The biggest problem with our economy continues to be the housing market.  We need homes to continue selling so we can eventually get past the foreclosure and short sale mess.  The 3.5% down payment program allows many home owners to purchase a new home without having to have a significant down payment.  By taking this away, we would be hampering the very industry we need to strive.

I think eventually this could be a good idea, just not right now.  To learn more about FHA loans – visit my page on WHAT YOU NEED TO KNOW ABOUT FHA LOANS: http://mortgagenewsandrates.com/what-you-need-to-know-fha-loans/


MORTGAGE RATES LOWER FOR THE FOURTH STRAIGHT WEEK:  Rates are smoking right now.  30 Year fixed rates have dropped to 4.5% – typically costing approximately 1 point to get.  20 year fixed rates dropped to 4.25%.  15 year fixed rates dropped to 3.75%.  You can get a low closing cost 10 year fixed loan at 3.375% right now!!

Rates have improved for 4 straight weeks.  Be cautious in floating a rate.  Rates won’t go one way or the other for too long, and typically when they reverse we get some pretty substantial pull back.  Rates have now improved for 4 straight weeks – they will get some pull back soon. 

IS NOW THE TIME TO BUY A NEW HOME?:  In most markets, we are seeing that it is cheaper to own than to rent.  Rates are low and home values are low.  Freddie Mac reported this week that home prices nationally are down 2.8% in 2011 and they expect an increase in new home sales of 5% for 2011.

There are two reasons that most people are not buying a new home that have the ability and want to buy a new home.

1.)  Buyers don’t know that they can qualify for a new loan.  These potential customers probably have had some credit issues in the past and are unsure about their qualification prospects.  Keep in mind that qualifying for a new loan is relatively easy right now.  You can do a new purchase loan with a 580 Fico score and only put down 3.5% of the purchase value.  Just because you have had a foreclosure or short sale does not mean you can not qualify for a new loan – you only have to wait 2 to 3 years before you can buy again. 

Call me or call a loan officer you trust.  Check it out – you may be able to qualify and having one person pull your credit does not dramatically lower your scores like some people think. 

2.)  Buyers are afraid to buy because they don’t think the market has hit the bottom.  This is a legitimate concern.  Some markets are probably not at the bottom, but I think most can agree that we are past the rapidly depreciating phase.  One thing to keep in mind is that rates are still very low.  If they go up (which they eventually will – and already have from last year), you could see a higher payment on a cheaper home.

For example – You buy a 250,000 home, put 20% down and do a new loan at a 4.5% 30 year fixed rate.   Your PI payment would be $1,013.37.

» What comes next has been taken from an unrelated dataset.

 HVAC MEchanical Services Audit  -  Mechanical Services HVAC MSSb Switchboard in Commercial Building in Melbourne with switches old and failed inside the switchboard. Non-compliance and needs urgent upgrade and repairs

Now let’s say you decided to wait and that same house a year later is now only 230,000.  You get a better deal, but rates have risen to 5.5%.  You put 20% down, do a new loan for 184,000 at a 5.5% 30 year fixed rate.  Your new PI payment is $1,044.73. 

So even though you have bought a cheaper home, you will pay 11,422 more over 30 years because rates are higher. 

This is really a big deal because some people think rates this low will last forever and they won’t.  And when they do go up, they can go up quickly.  In November 2010, rates went up by .75% is less than 4 weeks. 

Values are low, rates are great.  Right now is a great time to buy a new home!!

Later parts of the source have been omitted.